== EXERCISE OBJECTIVE ==
Go through the data below and transcribe it exactly. Omit the images.

== DATA SEGMENT ==
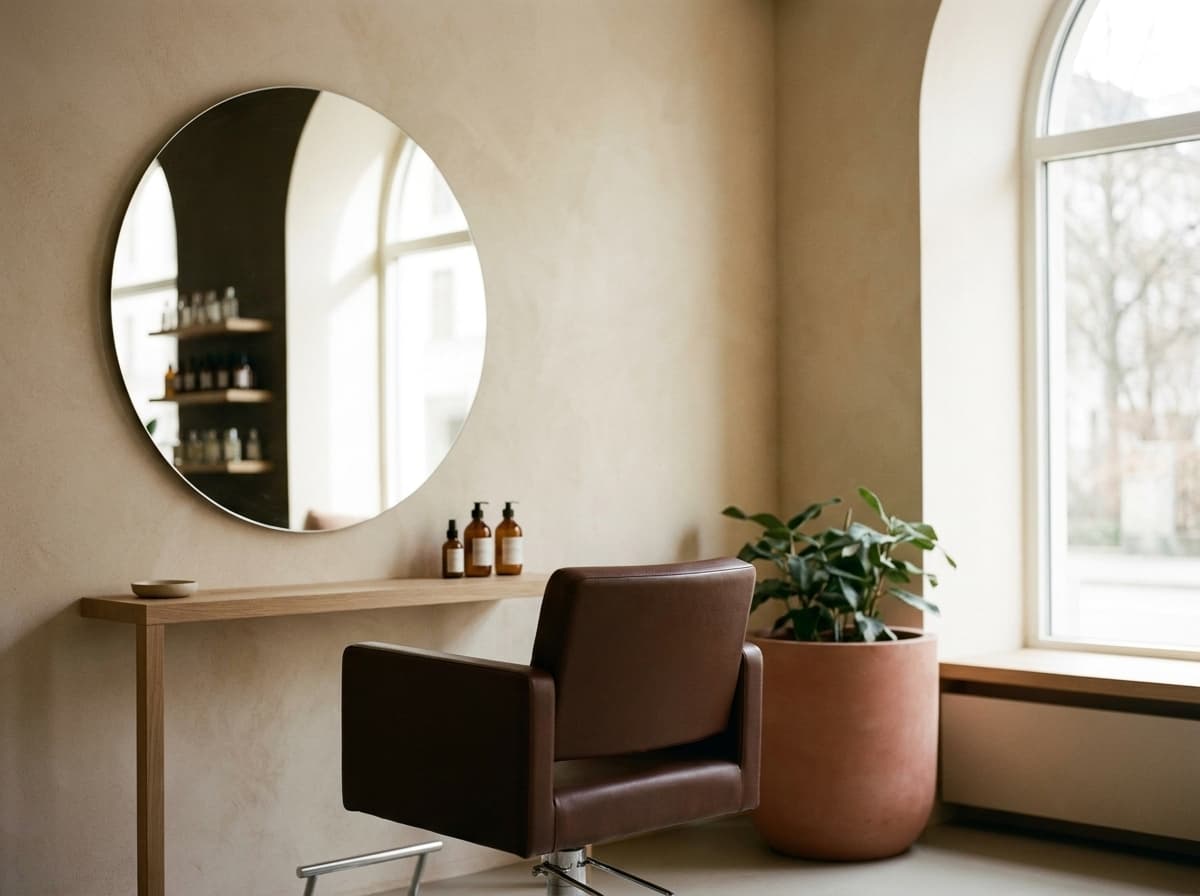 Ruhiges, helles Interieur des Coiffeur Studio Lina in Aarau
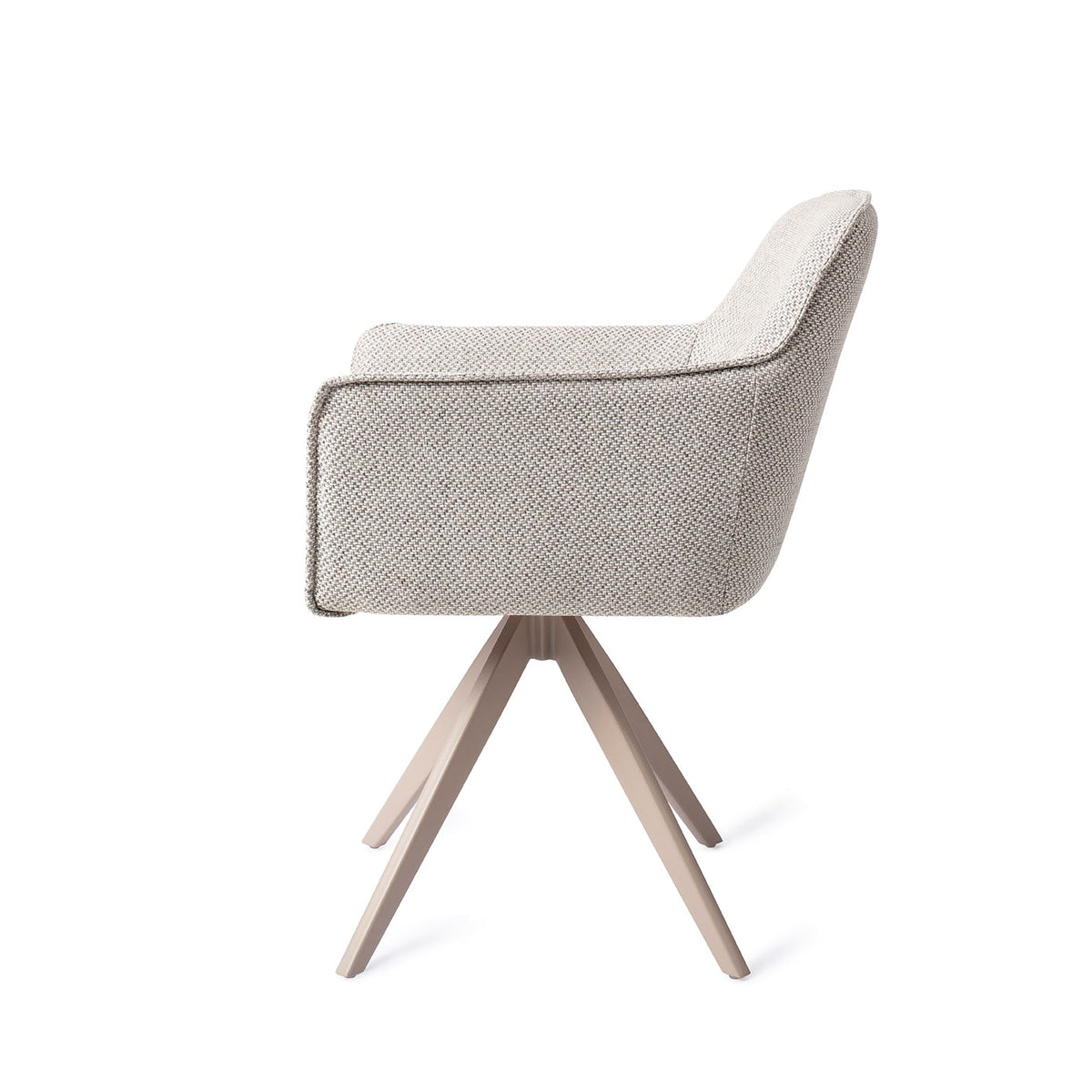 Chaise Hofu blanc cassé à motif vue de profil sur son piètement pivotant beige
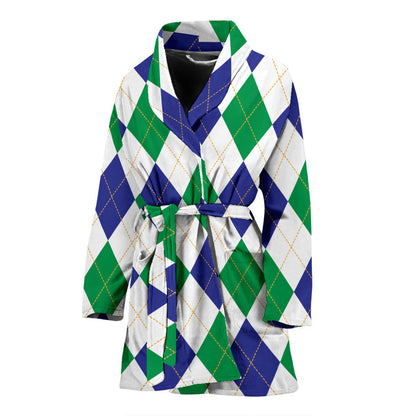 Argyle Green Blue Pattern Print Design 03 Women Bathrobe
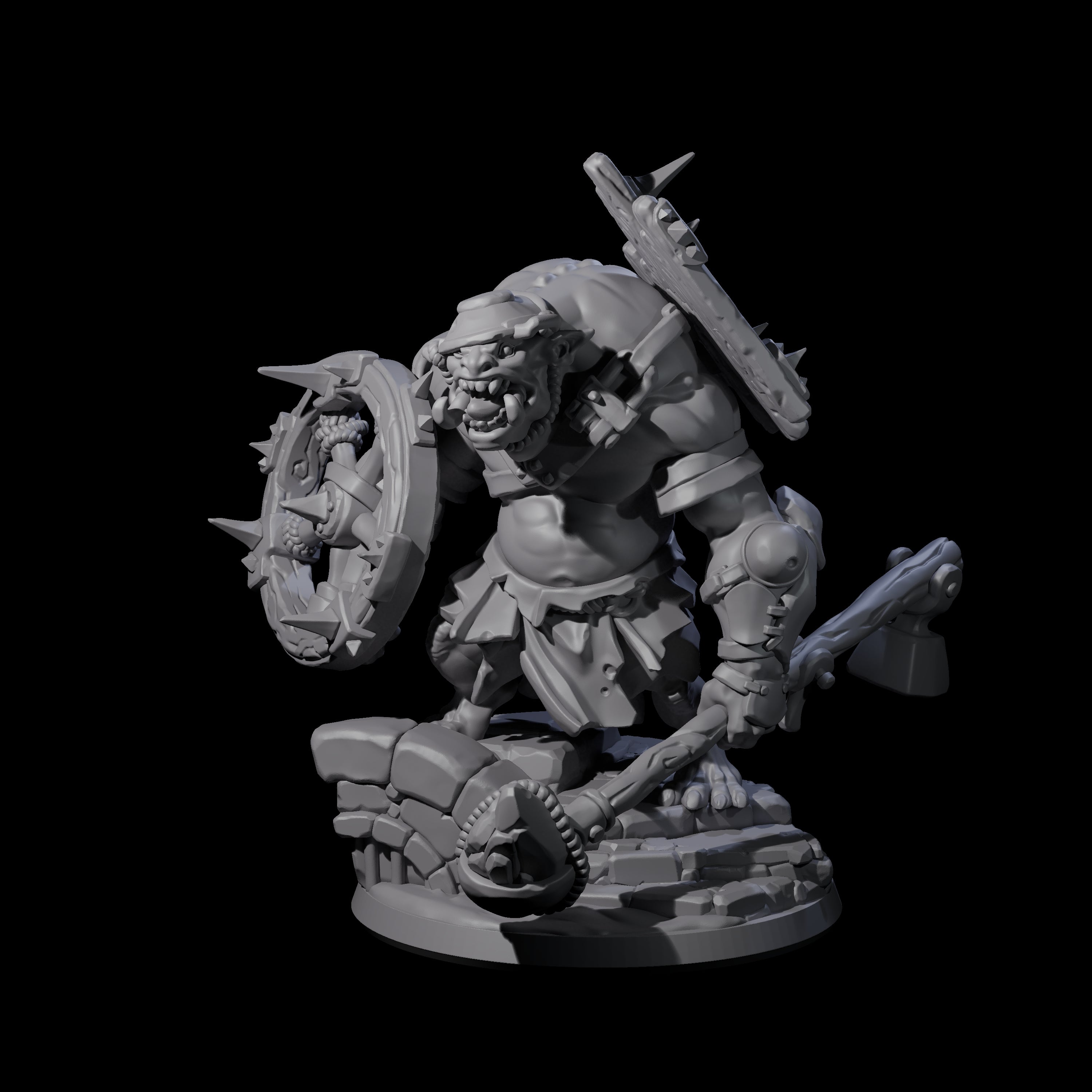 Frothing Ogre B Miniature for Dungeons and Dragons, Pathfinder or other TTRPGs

== RESULT ==
 Ruhiges, helles Interieur des Coiffeur Studio Lina in Aarau
 Chaise Hofu blanc cassé à motif vue de profil sur son piètement pivotant beige
 Argyle Green Blue Pattern Print Design 03 Women Bathrobe
 Frothing Ogre B Miniature for Dungeons and Dragons, Pathfinder or other TTRPGs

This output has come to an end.